The final report of the Advisory Committee says that the International Secretariat, which will be coordinating the CWGs will be a part of the formation process.

Who are the members of this high-profiled ‘International Secretariat’ and what ‘exact’ role they have been playing hitherto, are not known to the public.

Informed circles say that non-transparent operations only caused miseries to the unity of the Tamil national voice, to the democratisation of the struggle and to the process of popular will taking its course.

Whether non-transparency is going to dominate the convening process too and what hooks and strings are going to be attached to the venue of convention are legitimate questions asked in the Tamil circles.

First of all the elected members have to guard against the idea that TGTE is a power exercise. There is no power already existing. TGTE is a novel experiment to gain power for a nation facing genocide in its home. Building credibility for the TGTE is the primary task.

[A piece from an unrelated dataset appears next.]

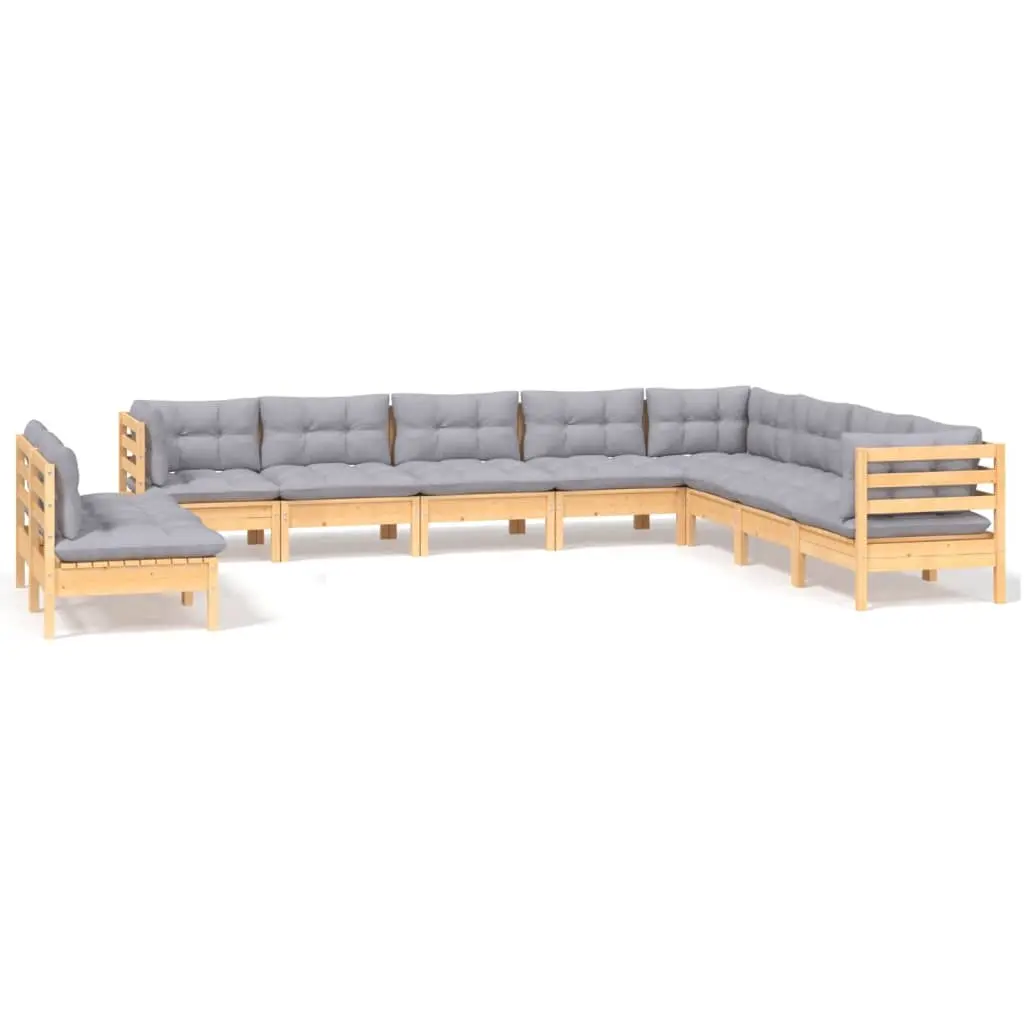 10 Piece Garden Lounge Set with Grey Cushions Solid Pinewood 3096838 - Furniture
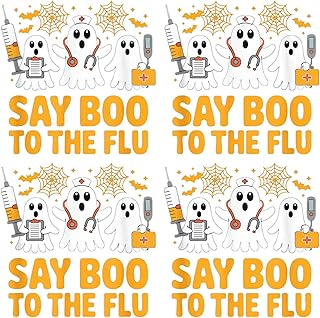 Funny Nurse Ghost Halloween Vaccine Say Boo to The Flu Iron on Decal for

The first assembly is not a government. It is a constitutional assembly. The way it functions in bringing out an effective constitution only will ensure future participation – overwhelming participation of the people in the diaspora.

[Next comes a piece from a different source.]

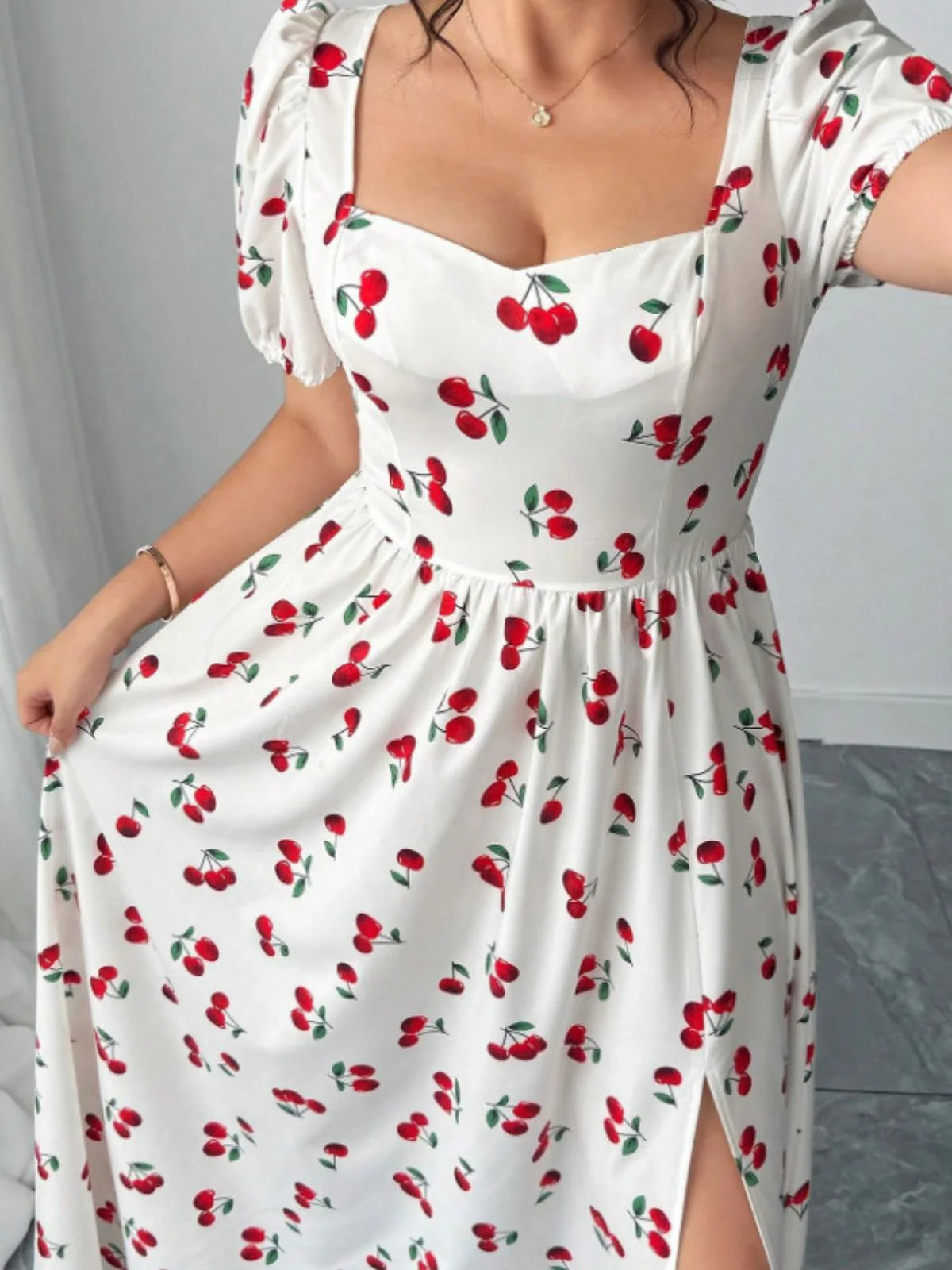 [Plus Size] White 1940s Cherry Print Slit Maxi Dress - Image 4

It doesn’t mean that the elected members have to sit down writing the constitution. They are there to set the parameters, to see that the constitution is strictly adhering to the cause, to see that the process is transparently discussed and debated in the assembly as well as among the people and finally to approve the constitution. Professionals need to be employed for the drafting part.

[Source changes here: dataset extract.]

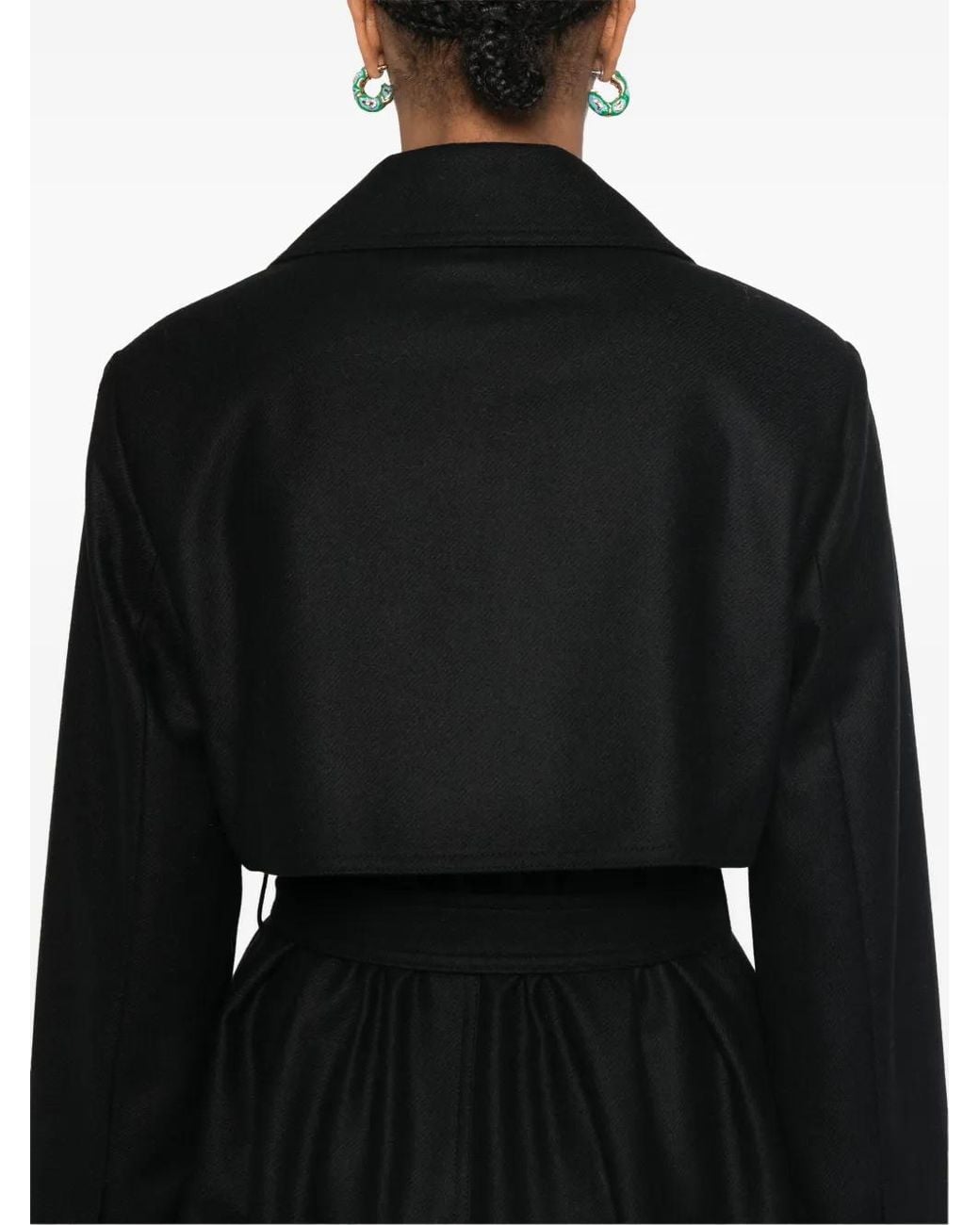 Boss Black Felted Trench Coat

If it is realised that the first assembly is primarily a constitutional assembly then there is no place for power manoeuvrings, image building for individuals, erection of cut outs, non-transparent operators and media abuses, unless there are forces working behind to hijack the constitution itself.

Unfortunately the TGTE is understood in another perspective by some in the diaspora and this perception is encouraged by international power circles that don’t want to see a national question denied by them manifesting into an international phenomenon.

Nimmi Gowrinathan, a Political Science Ph.D candidate of the University of California, Los Angeles, USA, wrote the following lines after interviewing Mr. Rudrakumaran:

“At best, the TGTE could be an effective advocacy tool pushing concerned nations to exert pressure on the Government of Sri Lanka to address the legitimate grievances of the Tamil population on the island. At worst, it creates a platform for hardliners within the diaspora – feeding into government claims and international concern of a resurgence of Tamil militancy on the island. The success of the project over time can (and should) only be measured in its ability to ensure a permanent political solution for the Tamil minority in Sri Lanka.”

The International Community viewing a righteous national question as an illegitimate one is the main grievance of Eezham Tamils.

If the TGTE is a pressure group for ‘minority rights’ then it doesn’t need to be the TGTE. The task of the TGTE by its model and function is to convince the world that the question is an inevitable national liberation.

People succumbing to outfits of corporate colonialism, to ideas of ‘development’ of the NGO culture, to ideas of New World ‘multiculturalism’ exported for the corporate colonial conquest of the old nations and fund-depending academia fail to see why the TGTE has to be evolved in a novel and creative way as a hitherto unseen model of international polity to face genocide enacted in a hitherto unseen way by international abetment.

Here is where the danger of elitism hijacking the cause sets in.

Another crucial aspect the members of the TGTE need to consider is the leadership and the executive. It is not a ‘one-time’ exercise but an evolving process.

One-person leadership is dangerous for an experiment such as the TGTE. The need of the hour is consensus and collective leadership of nationalist Eezham Tamils.

In the meantime, the process of forming country councils in the diaspora countries should continue without disruption as this grass root exercise is both the foundation as well as the fallback.